[[ RECORDS FOR THE EXERCISE, beginning ]]
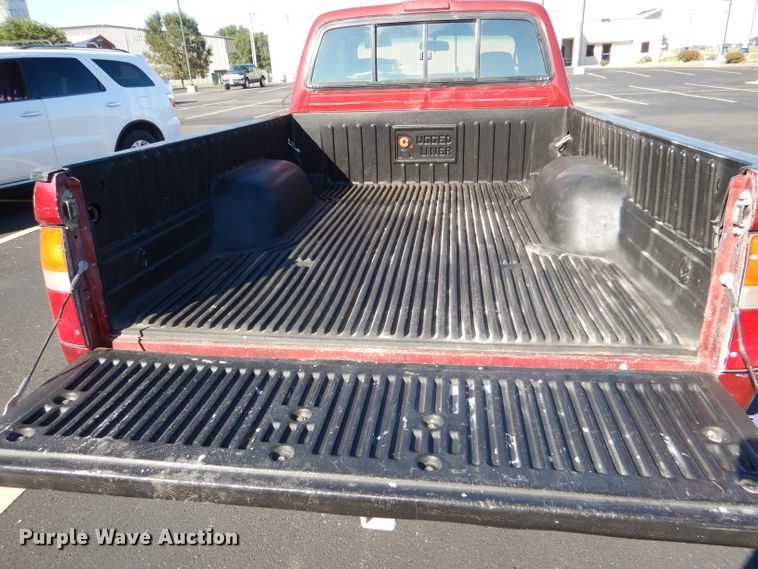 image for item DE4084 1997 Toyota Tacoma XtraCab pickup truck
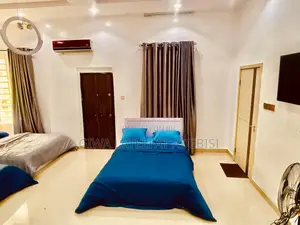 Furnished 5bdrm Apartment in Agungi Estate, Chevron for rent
[[ RECORDS FOR THE EXERCISE, end ]]
[[ RECORDS FOR THE EXERCISE, beginning ]]
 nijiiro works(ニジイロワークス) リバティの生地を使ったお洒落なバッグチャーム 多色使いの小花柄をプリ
[[ RECORDS FOR THE EXERCISE, end ]]
## TASK:
Give back the exact lines above, running from the one that has "image for item" through the one that has "Furnished 5bdrm Apartment", with nothing added and no pictures.

## OUTPUT OF THE TASK:
 image for item DE4084 1997 Toyota Tacoma XtraCab pickup truck
 Furnished 5bdrm Apartment in Agungi Estate, Chevron for rent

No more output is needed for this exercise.